Xi will head the “central Internet security and informatization leading group”, according to a statement released after the first meeting of the group on Thursday.
Cyber security “is a major strategic issue concerning a country’s security and development as well as people’s life and work” said the Chinese President.
In the wake of the recent US snooping revelations, the five member nations of BRICS agreed on the establishment of an expert working group on cyber-security that will meet in early 2014, in South Africa, to finalize concrete set of proposals for adoption by the leaders’ summit later this summer.
Brazil has successfully mustered enough support to get a “right to privacy” resolution co-drafted with Germany passed by the UN earlier in November.
Politburo members Chinese Premier Li Keqiang and Liu Yunshan, are working as the group’s deputy heads.
The group is designed to “lead and coordinate Internet security and informatization work among different sectors, as well as draft national strategies, development plans and major policies in this field”, Xi said.
Members of the group adopted the group’s work rules and its working plan for this year at the meeting.
China has the world’s largest number of Internet users but it still lags behind in development of Internet technologies, the president noted.
The digital gap between rural and urban areas remains large and the average bandwidth enjoyed by each Chinese is far less than that in some developed countries, he added.

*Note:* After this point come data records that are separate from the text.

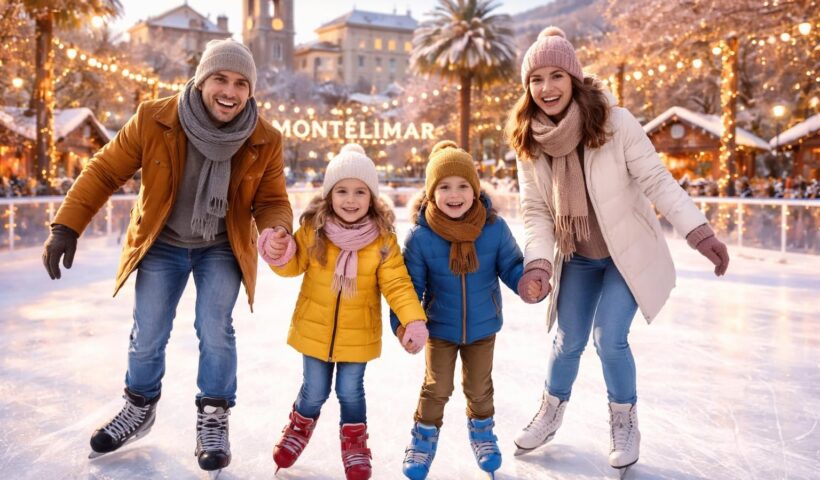 découvrez pourquoi une patinoire à montélimar est l'endroit idéal pour des loisirs en famille, alliant amusement, convivialité et activités adaptées à tous les âges.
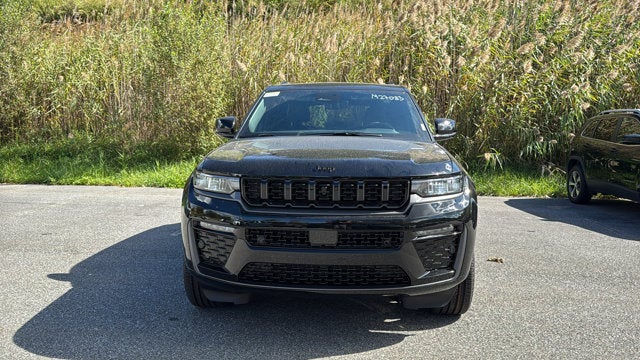 2027 Jeep Grand Cherokee Limited Reserve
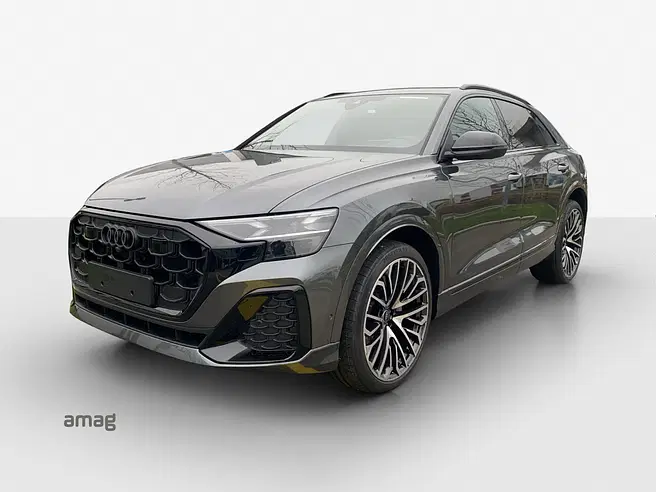 AUDI Q8 SUV 50 TDI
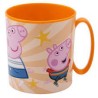 Peppa Pig taza pvc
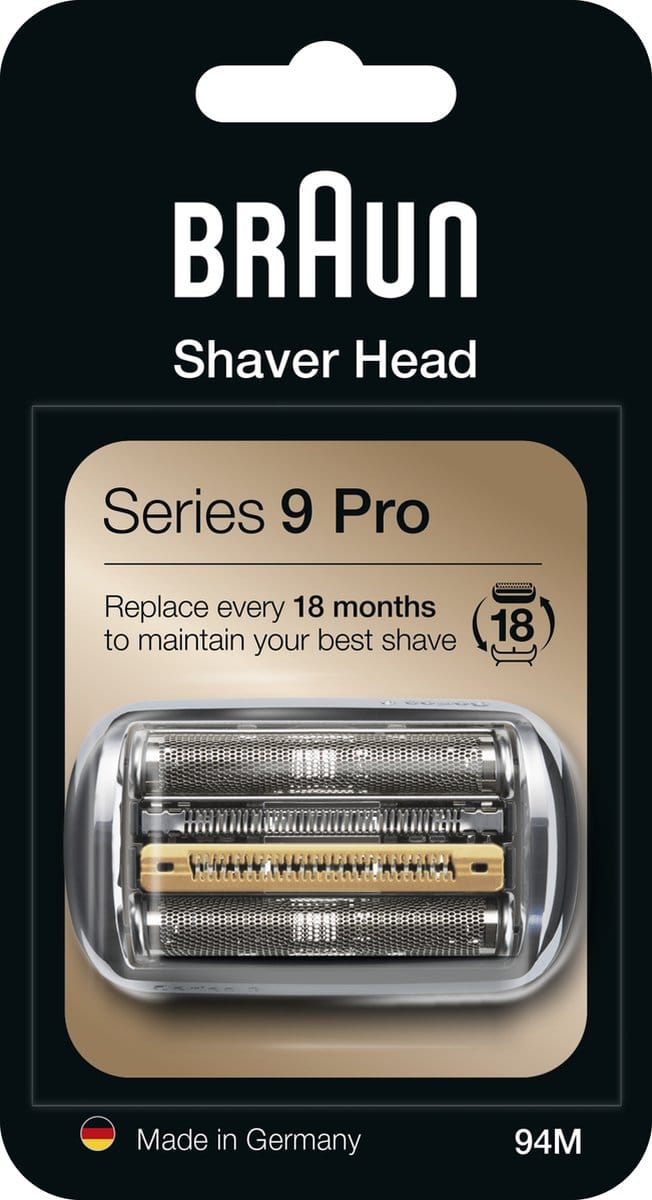 Braun Series 9 Scheerblad - 94M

By the end of 2013, China reported about 618 million Internet users, with rural penetration being really low at 28.6 per cent.
“We should be fully aware of the importance and urgency of Internet security and informatization,” Xi said.
China has to balance its needs of developing IT technologies and safeguarding Internet security, the president said, describing the two issues as “two wings of a bird and two wheels of an engine.”
Earlier this February, BRICS member Brazil announced it is pushing ahead with plans to boost its Internet security by developing an undersea fibre-optics communications cable that would reroute its online traffic directly to Europe, bypassing the United States.
Brazil, Russia, India, China and South Africa currently use hubs in Europe and the US to connect to one another, which translates into higher costs and leaves open the opportunity for data interception and theft.